Chi-Med Announces Takeda Has Received European Commission Approval FRUZAQLA? (Fruquintinib). Chi-Med announced on June 24 that its partner Takeda has obtained approval from the European Commission for furoquintinib as a monotherapy to treat adult metastatic colorectal cancer patients who have previously received existing standard treatments including fluorouracil, oxaliplatin, and irinotecon-based chemotherapy, VEGF treatment, and EGFR treatment, as well as treatment with trifluuridine tipyrimidine or regofinib.
Fruquintinib's overseas expansion has been accelerated. The US and Europe have already been approved, and an application for listing in Japan has also been submitted.
According to the official website of Hutchison Pharmaceuticals, in January '23, Huhuang Pharmaceutical reached an exclusive licensing agreement with a subsidiary of Takeda Pharmaceutical. Takeda has exclusive global licenses to further develop, commercialize, and produce furoquintinib outside of mainland China, Hong Kong, and Macau. Chi-Med will receive payments totaling up to $1.13 billion and royalties based on net sales. According to Takeda's financial report, fruquintinib was approved in the US in November 23, and sales reached 10.1 billion yen (approximately $63 million) as of the end of March '24. Furthermore, a marketing application for fruquintinib in Japan was submitted in September '23.
The commercialization of colorectal cancer in China is progressing smoothly, and NDAs for gastric cancer and endometrial cancer have also been submitted. According to the company's official website, fruquintinib was marketed in China and included in medical insurance in January '20. As of mid-'23, more than 80,000 domestic colorectal cancer patients had been treated with fruquintinib. In addition, marketing applications for furoquintinib combined with paclitaxel for second-line treatment of gastric cancer and cindilizumab for advanced endometrial cancer were also accepted in April 23 and April 24, respectively.

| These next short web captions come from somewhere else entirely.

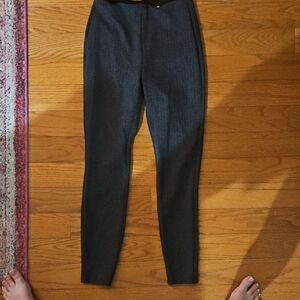 Lysse Women's Charcoal Dress Pants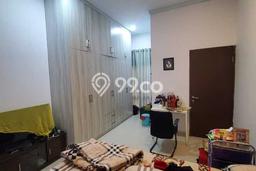 Rumah Luas Asri 4 KT Siap Huni di Jelambar Jakarta Barat Rumah Luas Asri 4 KT Siap Huni di Jelambar Jakarta Barat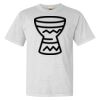 Heavyweight Ring Spun Tee Thumbnail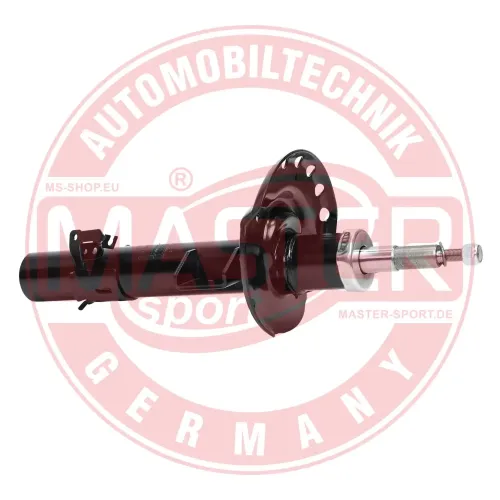 Stoßdämpfer Vorderachse links MASTER-SPORT GERMANY 318313-PCS-MS Bild Stoßdämpfer Vorderachse links MASTER-SPORT GERMANY 318313-PCS-MS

Profit forecasting and investment advice. The company's R&D, commercialization and overseas capabilities have been initially verified, and the differentiated innovation pipeline is sufficient. As each product gradually enters the harvest period, the company is expected to turn a loss into a profit in 25 years. Net profit due to mother for 24-26 is estimated to be -1.16 billion, 100 million US dollars, and 116 million US dollars, respectively. The reasonable value of the company was obtained through the DCF Act of HK$41.16 per share, giving it a “buy” rating.
Risk warning. Drug review risks, fee control policy risks, R&D progress falls short of expectations.